注释中明确说明了需要传递带 buffer 的 channel。关注其中的 go watchSignalLoop(),在 signal_unix.go 中:

func loop() {
	for {
		process(syscall.Signal(signal_recv()))
	}
}

func init() {
	watchSignalLoop = loop
}

process(sig os.Signal) 函数定义又在 signal.go 中:

func process(sig os.Signal) {
	n := signum(sig)
	if n < 0 {
		return
	}

	handlers.Lock()
	defer handlers.Unlock()

	for c, h := range handlers.m {
		if h.want(n) {
			// send but do not block for it
			select {
			case c <- sig:
			default:
			}
		}
	}

	// Avoid the race mentioned in Stop.
	for _, d := range handlers.stopping {
		if d.h.want(n) {
			select {
			case d.c <- sig:
			default:
			}
		}
	}
}

注意中段的 select 代码块和注释,发现 sig 并不会阻塞发送给 c,如果 c 当前没有被 recv,则 sig 会被丢弃。这就造成了 sig 可能丢失的情况产生,也就是 golangci-lint 中提示的问题。
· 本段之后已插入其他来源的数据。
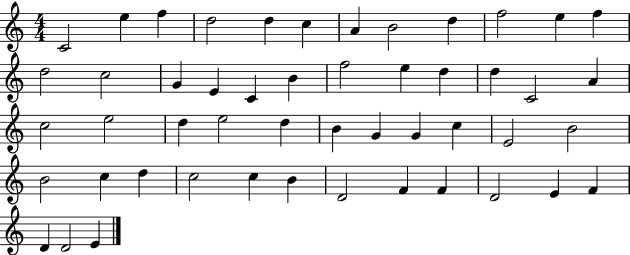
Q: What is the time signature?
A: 4/4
看 os.signal 的代码还是设计的相当精巧和高效的。

var handlers struct {
	sync.Mutex
	// Map a channel to the signals that should be sent to it.
	m map[chan<- os.Signal]*handler
	// Map a signal to the number of channels receiving it.
	ref [numSig]int64
	// Map channels to signals while the channel is being stopped.
	// Not a map because entries live here only very briefly.
	// We need a separate container because we need m to correspond to ref
	// at all times, and we also need to keep track of the *handler
	// value for a channel being stopped. See the Stop function.
	stopping []stopping
}

用一个 handlers 来存储关系。m 映射接收 channel 到相关 signal 的关系,ref 映射每一类 signal 有几个 channel 需要接收。其中 handler 结构体定义:

type handler struct {
	mask [(numSig + 31) / 32]uint32
}

func (h *handler) want(sig int) bool {
	return (h.mask[sig/32]>>uint(sig&31))&1 != 0
}

func (h *handler) set(sig int) {
	h.mask[sig/32] |= 1 << uint(sig&31)
}

func (h *handler) clear(sig int) {
	h.mask[sig/32] &^= 1 << uint(sig&31)
}

用三个长度的 uint32 来存储所有的 signal。每个 signal 占 1 个 bit 位。

还是不得不感叹大师级别的程序员写的东西,连一个字节都不舍得浪费。